At this point, the architecture section moves smoothly into Hadrian’s Villa, with an exquisite faun in red marble, bearing a shepherd’s crook, pan pipes and grapes, a beautiful piece of sculpture looking as though made of beaten leather. An extensive model and landscape lay-out of the villa at Tivoli takes up much space here. For those who find such models uninspiring, there’s a case of fresco fragments, marble veneers and stucco ceiling fragments, and a superb relief ‘Boy with Horse’ from the BM’s own collection, carved ‘in the time of Hadrian’. There are other sculptures, a length of lead water pipe and rectangular pillars to give some small idea of the villa’s staggering magnificence. The section devoted to Antinous, Hadrian’s male lover, is actually far more spectacular, with a vast marble head of this beautiful youth and various statues of him in other guises — as Osiris, Dionysus or Aristaios. Antinous died in mysterious circumstances and he rather outshines Hadrian’s wife, Sabina, or the Emperor’s mausoleum, though this final area of the display is graced with two marvellous gilded bronze peacocks.

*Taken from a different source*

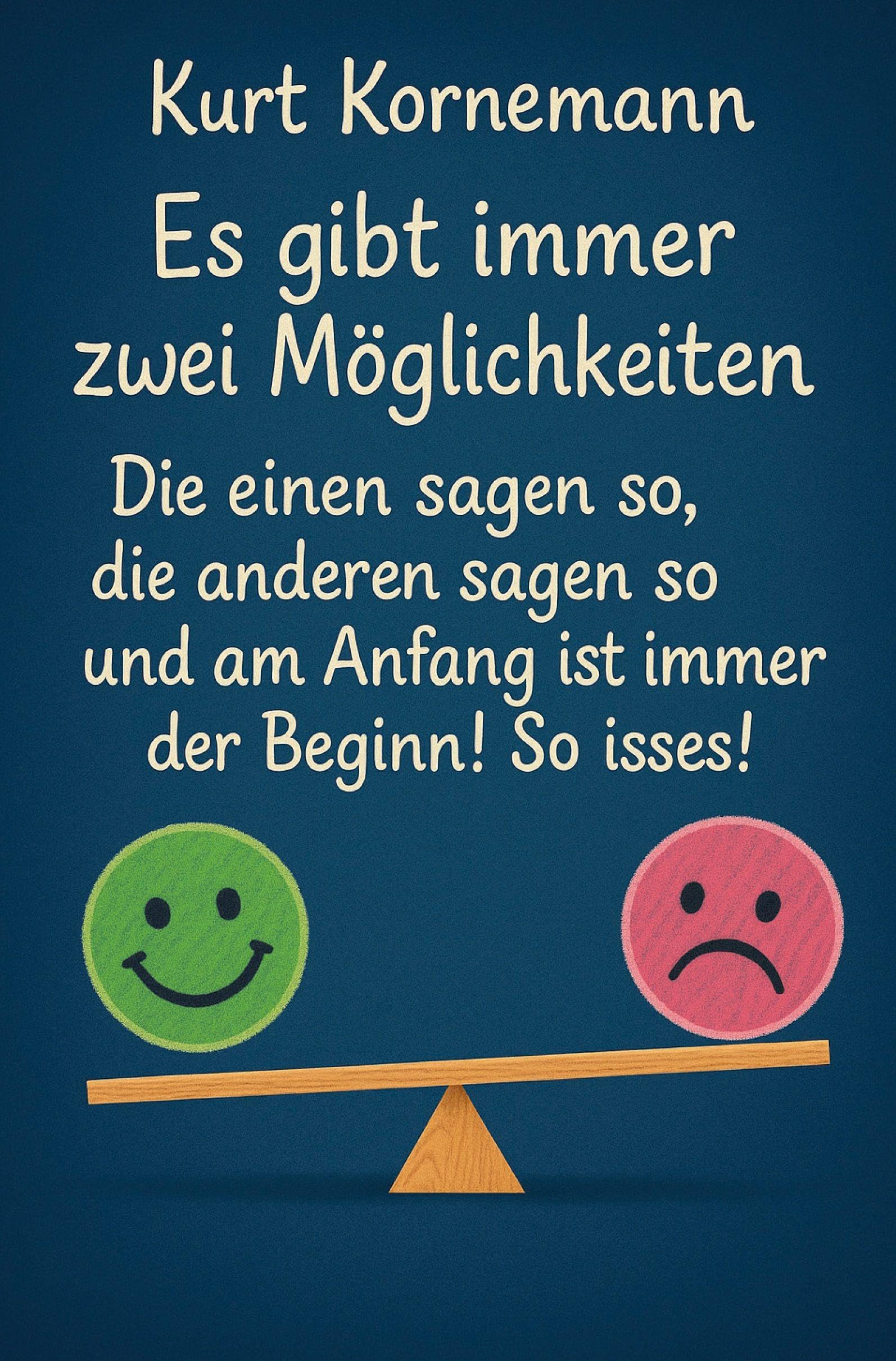 Es gibt immer zwei Möglichkeiten Poetry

The catalogue is a sumptuously illustrated paperback (£25), full of dramatic photos and packed with information clearly presented in a readable text by the exhibition’s curator, Thorsten Opper. For contrast, consult Hadrian’s Wall by Derry Brabbs (Frances Lincoln, £14.99), a delightful lightweight hardback coffee-table book about the famous wall, filled with evocative colour plates. A point of nomenclature: the jacket blurb informs us that Hadrian’s Wall extends for 120 kilometres across the Tyne-Solway isthmus. I don’t want to know this: let me be told in miles, especially when the wall’s forts are referred to as milecastles (albeit Roman miles). I’m convinced that civilised people in England still think in imperial measures and I don’t see why curators and book designers should attempt to force us to do otherwise.